I wrote a few weeks back that I suspected that Gitmo could be Obama's "gays in the military" if it isn't handled correctly. It's guaranteed to inflame the right and there is reason to believe that the military and intelligence communities would freak out as well. It's very dangerous politically.Top Democrats on congressional intelligence panels could be heading for conflict with President-elect Barack Obama over interrogation policies, a subject over which they often clashed with President Bush.
Obama said earlier this year he supported legislation that would have mandated that the CIA and other agencies subscribe to a 2006 Army field manual’s guidelines on interrogation practices, which would have the effect of banning harsh treatment of detainees such as waterboarding. But some media reports have raised questions about whether Obama would use his executive powers to mandate the same interrogation standards once he is in the White House.

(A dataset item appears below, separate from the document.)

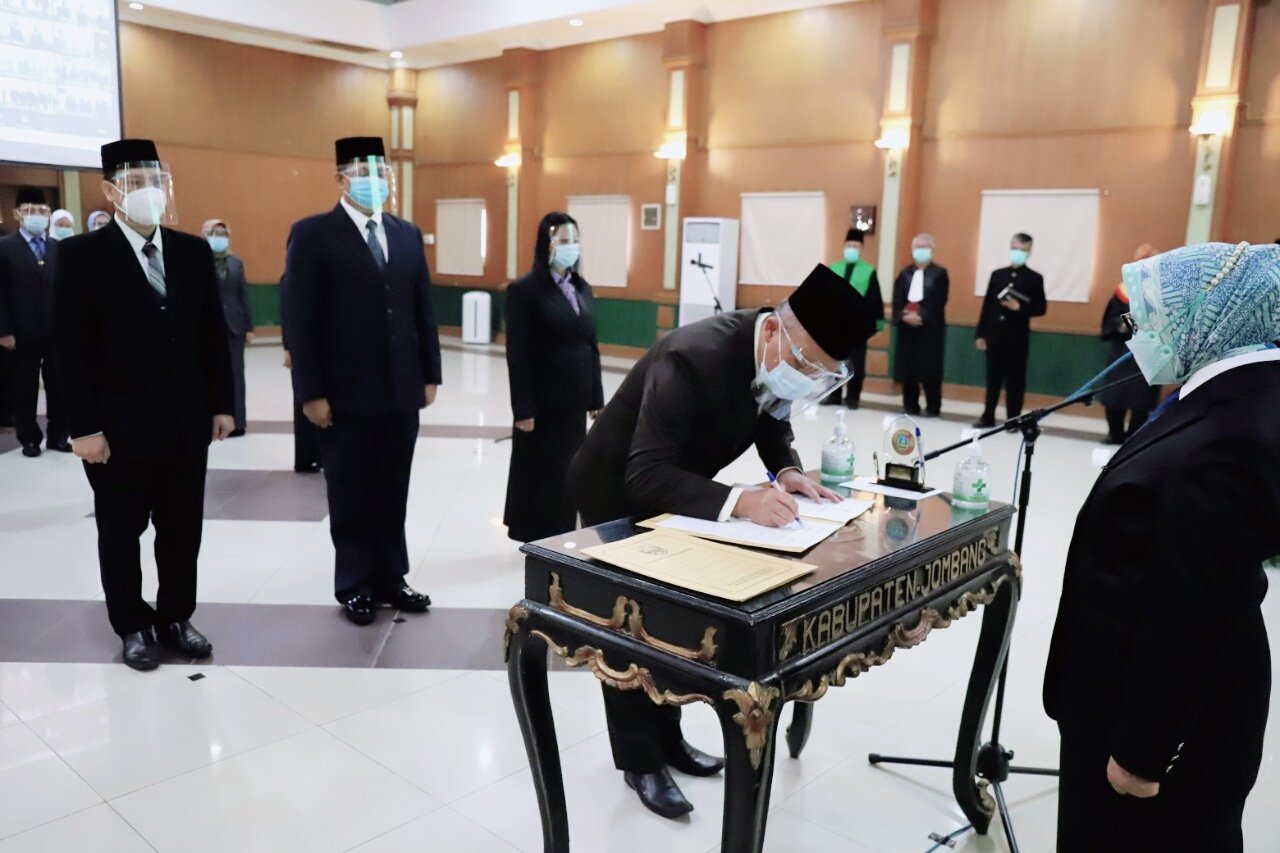 Bupati Jombang Mutasi 491 Pejabat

Sen. Dianne Feinstein , D-Calif., one of Congress’ leading proponents of banning harsh interrogation methods, is expected to take over the gavel at the Intelligence Committee.
“Sen. Feinstein intends to introduce legislation that would require America’s intelligence agencies to follow the Army field manual in interrogations; to prohibit the use of contractors in interrogations; to grant the International Committee of the Red Cross access to detainees; and to close the Guantánamo Bay detention facility within one year,” said a spokesman, Phil LaVelle. “If President Obama accomplishes these goals through executive action, then we won’t need to pursue them legislatively as well.”
“While an executive order will not remove the need for legislation on the issue, it is a way for President-elect Obama to put an immediate halt to our government’s use of torture during interrogations and to prevent secret detentions,” said Holt, chairman of the Select Intelligence Oversight Panel. “By exercising his authority and acting quickly, he will begin to restore our moral leadership on the issue and repair some of the harm that has been done to our international reputation.”
“He [believes] torture not be allowed in any form or fashion in any part of the federal government, and he would make sure that was the case,” said John Brennan, who served under former CIA chief George J. Tenet in a variety of capacities at a time when the agency has since acknowledged it waterboarded a small number of terror suspects.
“Whether the Army field manual is comprehensive enough to cover all those tactics and techniques, that’s something I think he’d look to his national security advisers for,” Brennan said in an interview with CQ in August.